PROBLEM TO SOLVE |
Output every line below without omitting or altering anything.

Segment Open

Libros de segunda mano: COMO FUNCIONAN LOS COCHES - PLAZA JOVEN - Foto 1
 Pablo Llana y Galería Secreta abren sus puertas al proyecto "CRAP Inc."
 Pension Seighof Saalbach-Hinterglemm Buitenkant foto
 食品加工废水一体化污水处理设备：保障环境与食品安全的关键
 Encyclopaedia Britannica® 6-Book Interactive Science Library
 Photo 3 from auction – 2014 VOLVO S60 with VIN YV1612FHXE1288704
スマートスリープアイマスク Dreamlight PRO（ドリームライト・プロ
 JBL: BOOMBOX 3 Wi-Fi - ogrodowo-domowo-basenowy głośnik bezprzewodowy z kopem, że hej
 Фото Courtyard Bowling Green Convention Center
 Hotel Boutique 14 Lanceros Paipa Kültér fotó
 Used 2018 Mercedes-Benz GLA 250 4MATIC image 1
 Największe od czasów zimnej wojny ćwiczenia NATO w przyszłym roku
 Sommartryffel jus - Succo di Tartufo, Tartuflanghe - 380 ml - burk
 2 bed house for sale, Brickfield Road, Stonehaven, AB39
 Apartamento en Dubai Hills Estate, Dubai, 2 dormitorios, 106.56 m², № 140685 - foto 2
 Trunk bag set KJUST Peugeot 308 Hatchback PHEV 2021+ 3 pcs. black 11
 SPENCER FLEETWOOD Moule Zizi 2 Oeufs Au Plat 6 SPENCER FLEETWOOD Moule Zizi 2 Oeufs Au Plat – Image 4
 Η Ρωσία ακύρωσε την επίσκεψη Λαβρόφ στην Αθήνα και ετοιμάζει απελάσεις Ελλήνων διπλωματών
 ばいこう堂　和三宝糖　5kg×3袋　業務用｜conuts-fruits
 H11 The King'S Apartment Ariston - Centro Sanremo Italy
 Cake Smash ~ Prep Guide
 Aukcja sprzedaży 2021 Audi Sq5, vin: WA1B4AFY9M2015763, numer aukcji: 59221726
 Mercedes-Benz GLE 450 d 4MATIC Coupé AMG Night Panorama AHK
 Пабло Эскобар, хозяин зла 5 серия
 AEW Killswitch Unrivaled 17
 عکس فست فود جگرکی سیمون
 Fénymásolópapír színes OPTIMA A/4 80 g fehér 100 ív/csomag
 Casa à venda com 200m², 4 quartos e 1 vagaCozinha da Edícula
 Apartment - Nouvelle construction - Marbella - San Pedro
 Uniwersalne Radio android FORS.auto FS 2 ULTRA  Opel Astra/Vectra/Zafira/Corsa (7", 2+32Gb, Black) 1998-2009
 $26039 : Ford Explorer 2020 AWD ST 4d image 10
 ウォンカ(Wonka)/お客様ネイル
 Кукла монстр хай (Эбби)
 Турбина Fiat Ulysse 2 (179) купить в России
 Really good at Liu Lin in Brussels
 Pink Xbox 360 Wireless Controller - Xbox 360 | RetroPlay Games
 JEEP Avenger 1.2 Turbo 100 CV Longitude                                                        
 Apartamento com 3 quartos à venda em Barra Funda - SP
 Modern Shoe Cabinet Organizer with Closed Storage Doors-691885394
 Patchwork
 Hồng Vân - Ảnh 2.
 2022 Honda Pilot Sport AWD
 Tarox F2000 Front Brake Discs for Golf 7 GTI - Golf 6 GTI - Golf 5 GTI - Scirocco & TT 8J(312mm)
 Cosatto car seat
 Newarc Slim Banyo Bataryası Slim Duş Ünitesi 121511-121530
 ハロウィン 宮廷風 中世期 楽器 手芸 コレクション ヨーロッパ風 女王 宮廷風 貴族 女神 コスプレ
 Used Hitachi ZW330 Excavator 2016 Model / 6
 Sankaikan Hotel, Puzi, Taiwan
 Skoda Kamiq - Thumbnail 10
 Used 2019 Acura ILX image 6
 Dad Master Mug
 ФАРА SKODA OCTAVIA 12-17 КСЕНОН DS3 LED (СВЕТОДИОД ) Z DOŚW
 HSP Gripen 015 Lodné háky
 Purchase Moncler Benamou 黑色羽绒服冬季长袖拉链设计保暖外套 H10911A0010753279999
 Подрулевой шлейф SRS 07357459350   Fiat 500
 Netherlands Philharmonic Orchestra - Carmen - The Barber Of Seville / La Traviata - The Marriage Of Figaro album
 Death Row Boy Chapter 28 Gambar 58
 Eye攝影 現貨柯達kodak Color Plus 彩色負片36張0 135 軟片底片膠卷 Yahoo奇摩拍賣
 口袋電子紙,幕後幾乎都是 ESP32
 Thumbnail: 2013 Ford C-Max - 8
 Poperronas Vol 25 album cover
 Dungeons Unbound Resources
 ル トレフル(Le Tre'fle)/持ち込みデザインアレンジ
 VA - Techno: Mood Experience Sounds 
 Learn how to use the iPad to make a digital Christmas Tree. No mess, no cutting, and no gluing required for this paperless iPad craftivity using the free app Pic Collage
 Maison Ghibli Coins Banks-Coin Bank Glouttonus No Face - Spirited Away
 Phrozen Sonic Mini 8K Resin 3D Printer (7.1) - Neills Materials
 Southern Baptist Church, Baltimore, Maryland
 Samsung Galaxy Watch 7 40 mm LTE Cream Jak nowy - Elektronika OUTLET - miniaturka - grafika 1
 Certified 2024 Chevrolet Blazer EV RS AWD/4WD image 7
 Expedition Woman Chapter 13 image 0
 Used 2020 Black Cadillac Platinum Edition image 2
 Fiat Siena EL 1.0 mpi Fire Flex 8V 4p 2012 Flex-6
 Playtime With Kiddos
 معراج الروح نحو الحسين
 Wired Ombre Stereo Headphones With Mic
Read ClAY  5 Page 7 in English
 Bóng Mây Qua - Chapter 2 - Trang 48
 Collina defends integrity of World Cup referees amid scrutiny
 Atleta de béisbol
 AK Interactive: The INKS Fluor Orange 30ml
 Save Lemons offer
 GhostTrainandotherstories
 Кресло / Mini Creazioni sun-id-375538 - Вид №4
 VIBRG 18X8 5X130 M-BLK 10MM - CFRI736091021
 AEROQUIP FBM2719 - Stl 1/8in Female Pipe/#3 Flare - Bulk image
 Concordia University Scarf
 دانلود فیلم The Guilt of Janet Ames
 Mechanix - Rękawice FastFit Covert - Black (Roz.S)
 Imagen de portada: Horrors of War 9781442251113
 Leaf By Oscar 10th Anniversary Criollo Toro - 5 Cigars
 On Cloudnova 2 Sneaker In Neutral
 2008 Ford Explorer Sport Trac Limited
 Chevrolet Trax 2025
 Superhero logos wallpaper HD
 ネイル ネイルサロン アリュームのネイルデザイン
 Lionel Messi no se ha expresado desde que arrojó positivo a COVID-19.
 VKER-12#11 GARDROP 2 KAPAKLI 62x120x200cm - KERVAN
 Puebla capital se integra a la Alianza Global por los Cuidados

Segment Closed

ANSWER TO THIS EXERCISE |
Libros de segunda mano: COMO FUNCIONAN LOS COCHES - PLAZA JOVEN - Foto 1
 Pablo Llana y Galería Secreta abren sus puertas al proyecto "CRAP Inc."
 Pension Seighof Saalbach-Hinterglemm Buitenkant foto
 食品加工废水一体化污水处理设备：保障环境与食品安全的关键
 Encyclopaedia Britannica® 6-Book Interactive Science Library
 Photo 3 from auction – 2014 VOLVO S60 with VIN YV1612FHXE1288704
スマートスリープアイマスク Dreamlight PRO（ドリームライト・プロ
 JBL: BOOMBOX 3 Wi-Fi - ogrodowo-domowo-basenowy głośnik bezprzewodowy z kopem, że hej
 Фото Courtyard Bowling Green Convention Center
 Hotel Boutique 14 Lanceros Paipa Kültér fotó
 Used 2018 Mercedes-Benz GLA 250 4MATIC image 1
 Największe od czasów zimnej wojny ćwiczenia NATO w przyszłym roku
 Sommartryffel jus - Succo di Tartufo, Tartuflanghe - 380 ml - burk
 2 bed house for sale, Brickfield Road, Stonehaven, AB39
 Apartamento en Dubai Hills Estate, Dubai, 2 dormitorios, 106.56 m², № 140685 - foto 2
 Trunk bag set KJUST Peugeot 308 Hatchback PHEV 2021+ 3 pcs. black 11
 SPENCER FLEETWOOD Moule Zizi 2 Oeufs Au Plat 6 SPENCER FLEETWOOD Moule Zizi 2 Oeufs Au Plat – Image 4
 Η Ρωσία ακύρωσε την επίσκεψη Λαβρόφ στην Αθήνα και ετοιμάζει απελάσεις Ελλήνων διπλωματών
 ばいこう堂　和三宝糖　5kg×3袋　業務用｜conuts-fruits
 H11 The King'S Apartment Ariston - Centro Sanremo Italy
 Cake Smash ~ Prep Guide
 Aukcja sprzedaży 2021 Audi Sq5, vin: WA1B4AFY9M2015763, numer aukcji: 59221726
 Mercedes-Benz GLE 450 d 4MATIC Coupé AMG Night Panorama AHK
 Пабло Эскобар, хозяин зла 5 серия
 AEW Killswitch Unrivaled 17
 عکس فست فود جگرکی سیمون
 Fénymásolópapír színes OPTIMA A/4 80 g fehér 100 ív/csomag
 Casa à venda com 200m², 4 quartos e 1 vagaCozinha da Edícula
 Apartment - Nouvelle construction - Marbella - San Pedro
 Uniwersalne Radio android FORS.auto FS 2 ULTRA  Opel Astra/Vectra/Zafira/Corsa (7", 2+32Gb, Black) 1998-2009
 $26039 : Ford Explorer 2020 AWD ST 4d image 10
 ウォンカ(Wonka)/お客様ネイル
 Кукла монстр хай (Эбби)
 Турбина Fiat Ulysse 2 (179) купить в России
 Really good at Liu Lin in Brussels
 Pink Xbox 360 Wireless Controller - Xbox 360 | RetroPlay Games
 JEEP Avenger 1.2 Turbo 100 CV Longitude                                                        
 Apartamento com 3 quartos à venda em Barra Funda - SP
 Modern Shoe Cabinet Organizer with Closed Storage Doors-691885394
 Patchwork
 Hồng Vân - Ảnh 2.
 2022 Honda Pilot Sport AWD
 Tarox F2000 Front Brake Discs for Golf 7 GTI - Golf 6 GTI - Golf 5 GTI - Scirocco & TT 8J(312mm)
 Cosatto car seat
 Newarc Slim Banyo Bataryası Slim Duş Ünitesi 121511-121530
 ハロウィン 宮廷風 中世期 楽器 手芸 コレクション ヨーロッパ風 女王 宮廷風 貴族 女神 コスプレ
 Used Hitachi ZW330 Excavator 2016 Model / 6
 Sankaikan Hotel, Puzi, Taiwan
 Skoda Kamiq - Thumbnail 10
 Used 2019 Acura ILX image 6
 Dad Master Mug
 ФАРА SKODA OCTAVIA 12-17 КСЕНОН DS3 LED (СВЕТОДИОД ) Z DOŚW
 HSP Gripen 015 Lodné háky
 Purchase Moncler Benamou 黑色羽绒服冬季长袖拉链设计保暖外套 H10911A0010753279999
 Подрулевой шлейф SRS 07357459350   Fiat 500
 Netherlands Philharmonic Orchestra - Carmen - The Barber Of Seville / La Traviata - The Marriage Of Figaro album
 Death Row Boy Chapter 28 Gambar 58
 Eye攝影 現貨柯達kodak Color Plus 彩色負片36張0 135 軟片底片膠卷 Yahoo奇摩拍賣
 口袋電子紙,幕後幾乎都是 ESP32
 Thumbnail: 2013 Ford C-Max - 8
 Poperronas Vol 25 album cover
 Dungeons Unbound Resources
 ル トレフル(Le Tre'fle)/持ち込みデザインアレンジ
 VA - Techno: Mood Experience Sounds 
 Learn how to use the iPad to make a digital Christmas Tree. No mess, no cutting, and no gluing required for this paperless iPad craftivity using the free app Pic Collage
 Maison Ghibli Coins Banks-Coin Bank Glouttonus No Face - Spirited Away
 Phrozen Sonic Mini 8K Resin 3D Printer (7.1) - Neills Materials
 Southern Baptist Church, Baltimore, Maryland
 Samsung Galaxy Watch 7 40 mm LTE Cream Jak nowy - Elektronika OUTLET - miniaturka - grafika 1
 Certified 2024 Chevrolet Blazer EV RS AWD/4WD image 7
 Expedition Woman Chapter 13 image 0
 Used 2020 Black Cadillac Platinum Edition image 2
 Fiat Siena EL 1.0 mpi Fire Flex 8V 4p 2012 Flex-6
 Playtime With Kiddos
 معراج الروح نحو الحسين
 Wired Ombre Stereo Headphones With Mic
Read ClAY  5 Page 7 in English
 Bóng Mây Qua - Chapter 2 - Trang 48
 Collina defends integrity of World Cup referees amid scrutiny
 Atleta de béisbol
 AK Interactive: The INKS Fluor Orange 30ml
 Save Lemons offer
 GhostTrainandotherstories
 Кресло / Mini Creazioni sun-id-375538 - Вид №4
 VIBRG 18X8 5X130 M-BLK 10MM - CFRI736091021
 AEROQUIP FBM2719 - Stl 1/8in Female Pipe/#3 Flare - Bulk image
 Concordia University Scarf
 دانلود فیلم The Guilt of Janet Ames
 Mechanix - Rękawice FastFit Covert - Black (Roz.S)
 Imagen de portada: Horrors of War 9781442251113
 Leaf By Oscar 10th Anniversary Criollo Toro - 5 Cigars
 On Cloudnova 2 Sneaker In Neutral
 2008 Ford Explorer Sport Trac Limited
 Chevrolet Trax 2025
 Superhero logos wallpaper HD
 ネイル ネイルサロン アリュームのネイルデザイン
 Lionel Messi no se ha expresado desde que arrojó positivo a COVID-19.
 VKER-12#11 GARDROP 2 KAPAKLI 62x120x200cm - KERVAN
 Puebla capital se integra a la Alianza Global por los Cuidados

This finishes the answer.